Later this month, the traditional handshake between the CEO’s of General Motors, Ford and Chrysler with the UAW President will kick off possibly the most highly publicized contract talks of any industry.

Making a different picture was a challenge as the photo op was identical for all of three companies who held separate events, every few years, at the beginning and the end of negotiations. The drama in the final hours was like a sporting event where everything seems to happen in the final seconds. The media used to sleep on the floors of the pressrooms waiting for the “we have a deal” announcement.

The last time covering this story I took a risk. Although given a fair share of kudos for the picture, I wish I could take credit for the idea; it was far from mine. It was taken from the playbook of my former boss at UPI.

The title of Howard Cosell’s book “I Never Played the Game,” reminds me of my former boss. Although never a photographer, he edited, composed, gave the idea and inspired countless pictures. He made average photographers good and good photographers great. You probably don’t realize it but to this very day you see his vision in books, magazines and throughout the Internet, but never shot a frame.

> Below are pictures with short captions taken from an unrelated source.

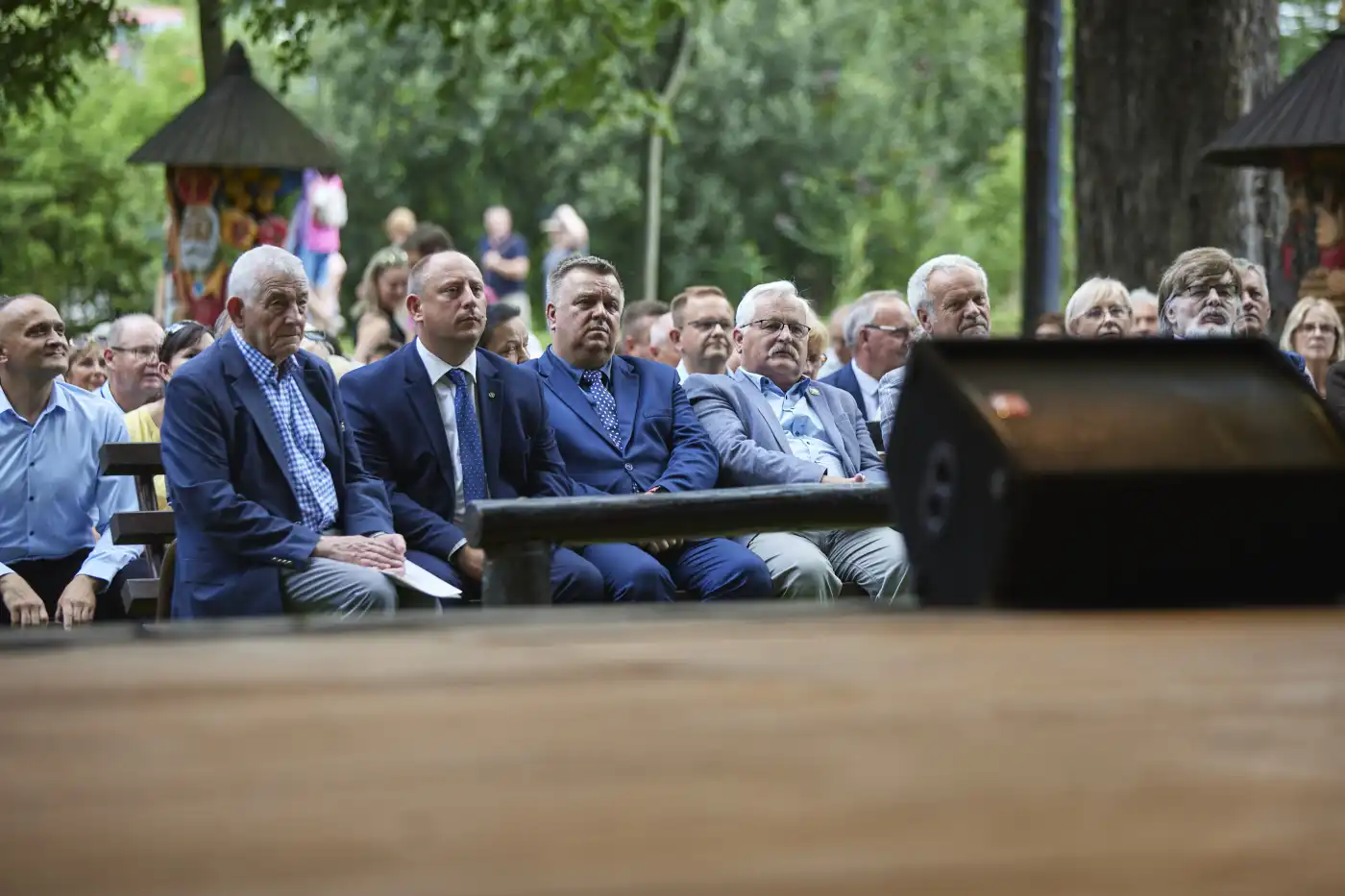 Biesiada u Bartnika w Stróżach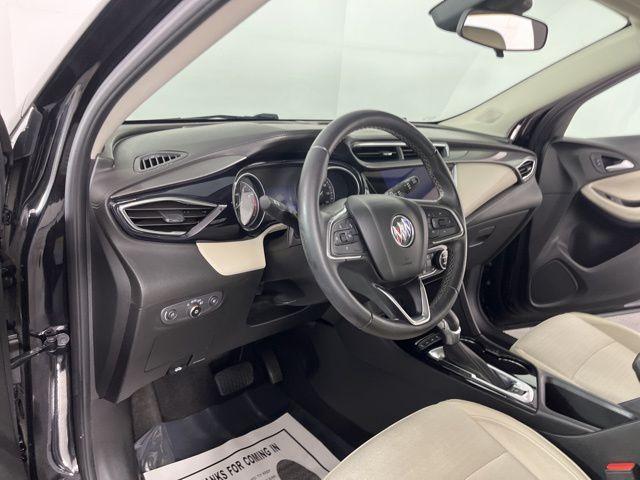 used 2021 Buick Encore GX car, priced at $19,182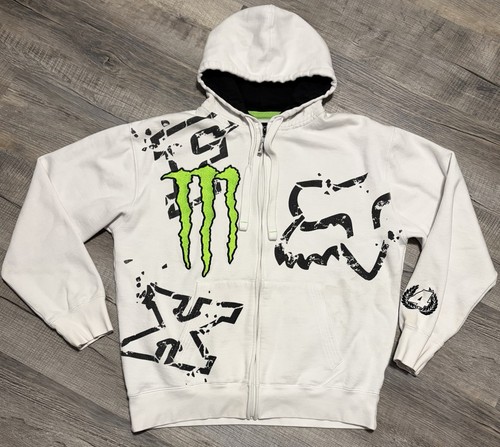 Vintage fox racing monster - vintage,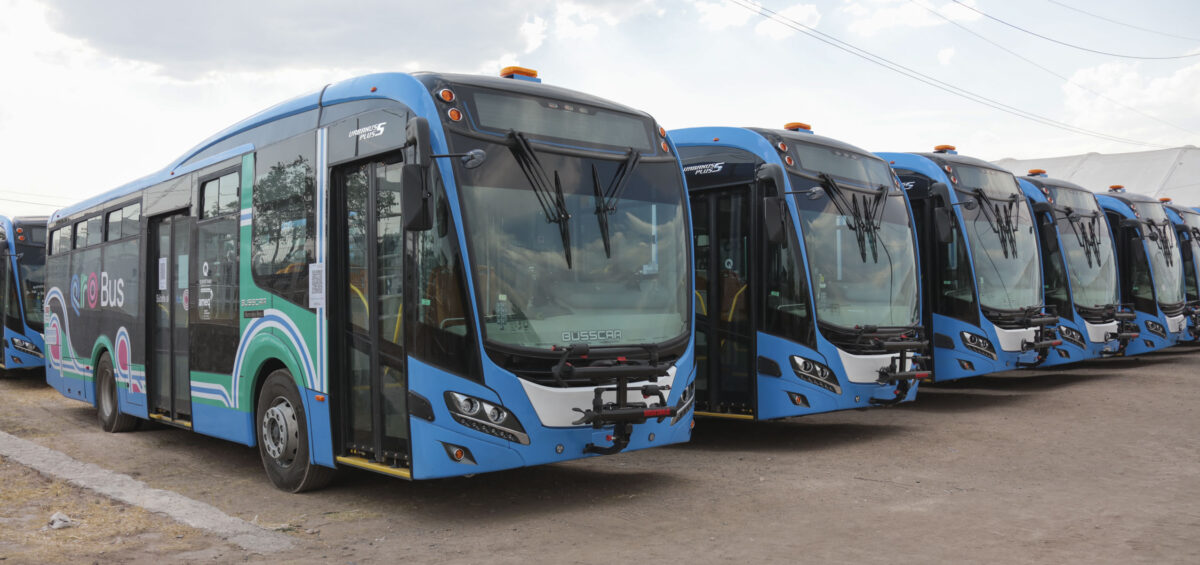 Publicidad en transporte público 2026: listo para llegar a miles de personas todos los días 10 qrobus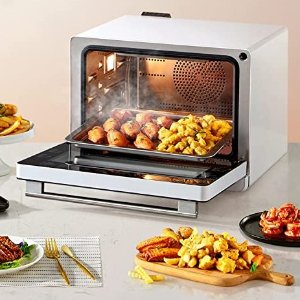 FOTILE Chefcubii 4-in-1 Countertop Convection Steam Combi Oven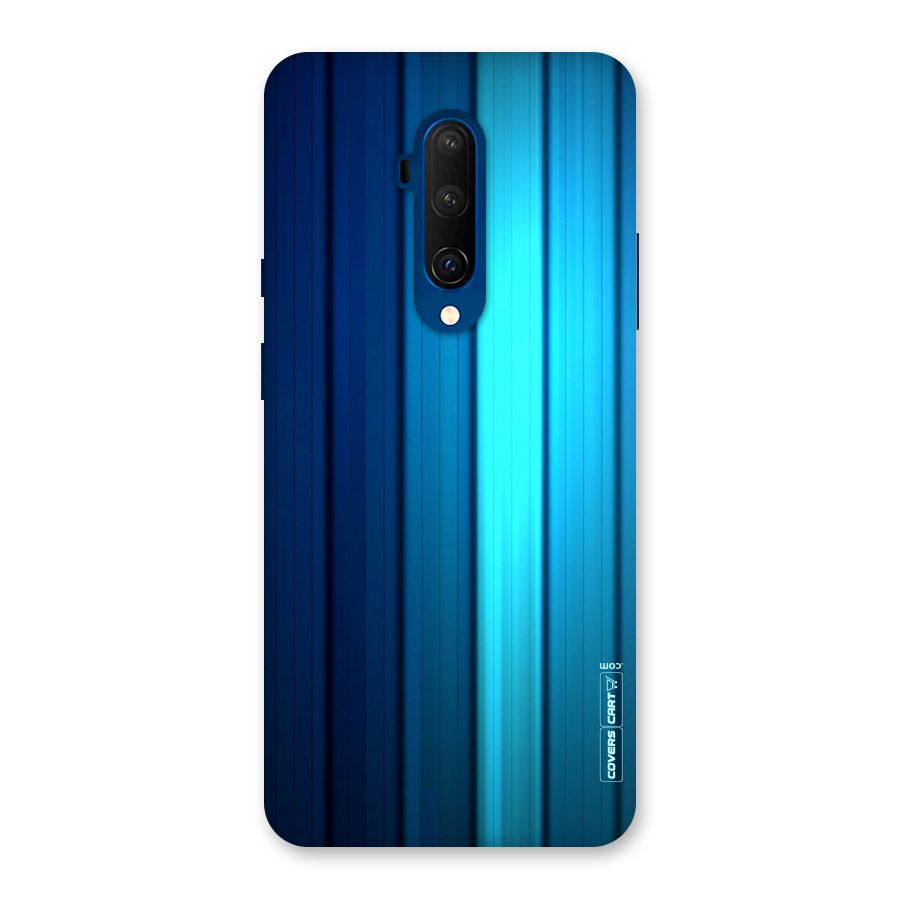 Blue Hues Back Case for OnePlus 7T Pro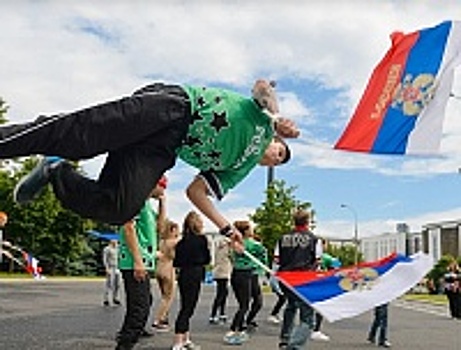 В Зеленограде состоятся мероприятия, посвященные фестивалю «День Российского флага»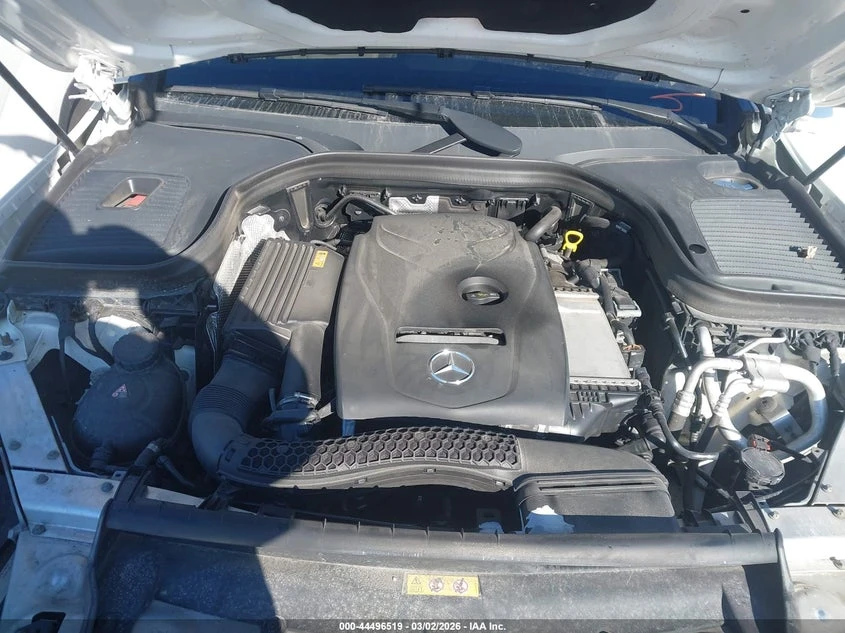 Mercedes-Benz GLC 300 2.0l 4Matic, снимка 10 - Автомобили и джипове - 53789845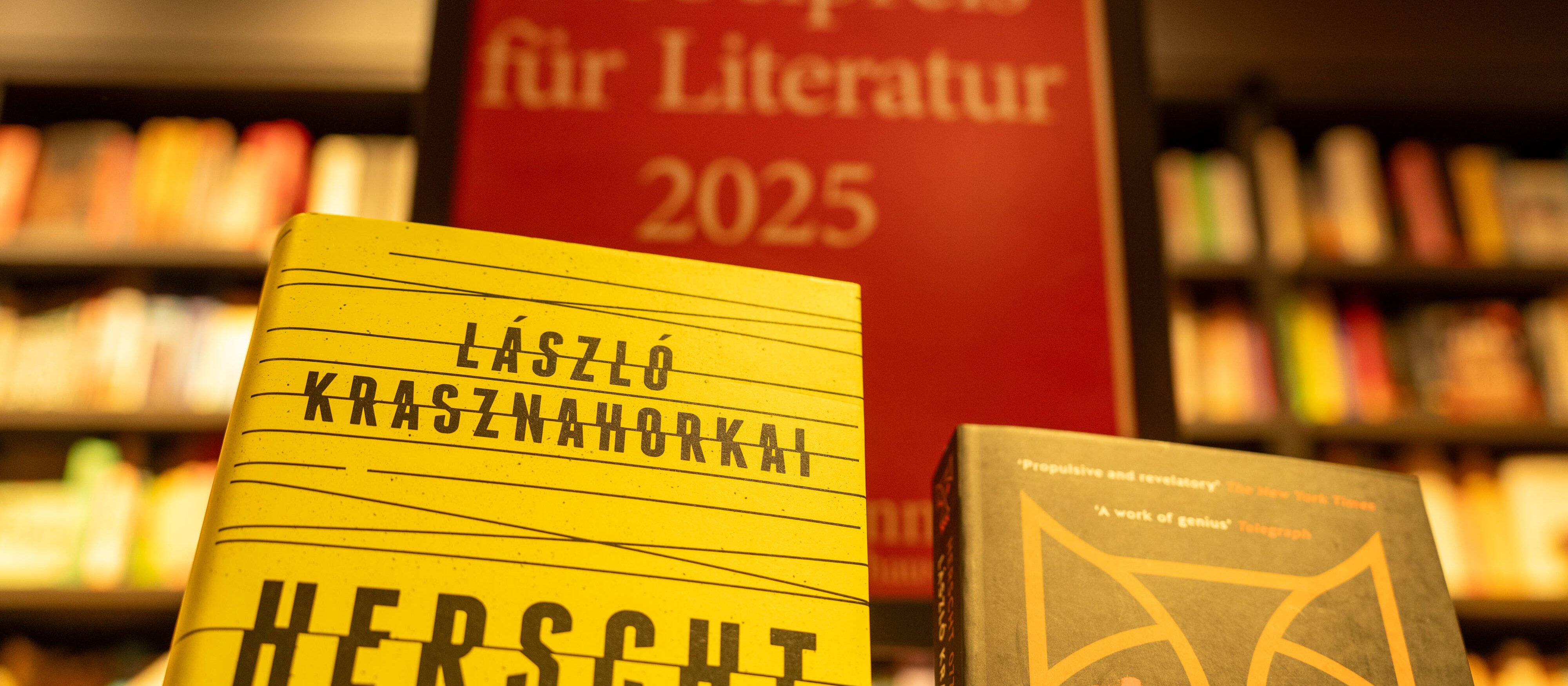 „Nie ma już obywateli świata, bo do tego potrzebny byłby świat, a świata nie ma – są tylko rynki”. Wywiad z László Krasznahorkaiem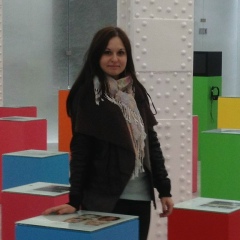 Милана Войтенко, 31.03, Москва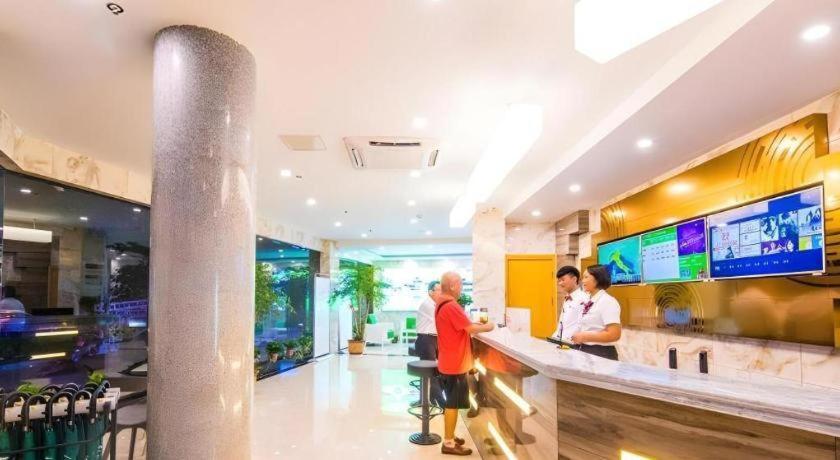 GreenTree Inn Chuzhou Langya Mountain Scenic Area Xijian Road 9/40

When then Soviet leader Mikhail Gorbachev and President Ronald Reagan were to meet, my former boss told one of our guys he had a unique picture idea. Instead of the full body or waist up of both leaders shaking hands, which members of our team were going to make, he wanted him to go tight on just the two hands of the most powerful people clutching each other. It was brilliant and impactful. The following day every newspaper led with that picture.

"GM UAW handshake By: Joe Polimeni"
GM UAW handshake By: Joe Polimeni

Years later as I was standing at the end of the long table waiting for the President of the UAW and GM CEO to shake hands.  I read a chapter from his playbook and knew what I was going to shoot.

Old ideas, that are good ideas, never get stale. And my former boss is one of the best photographers who never shot a frame.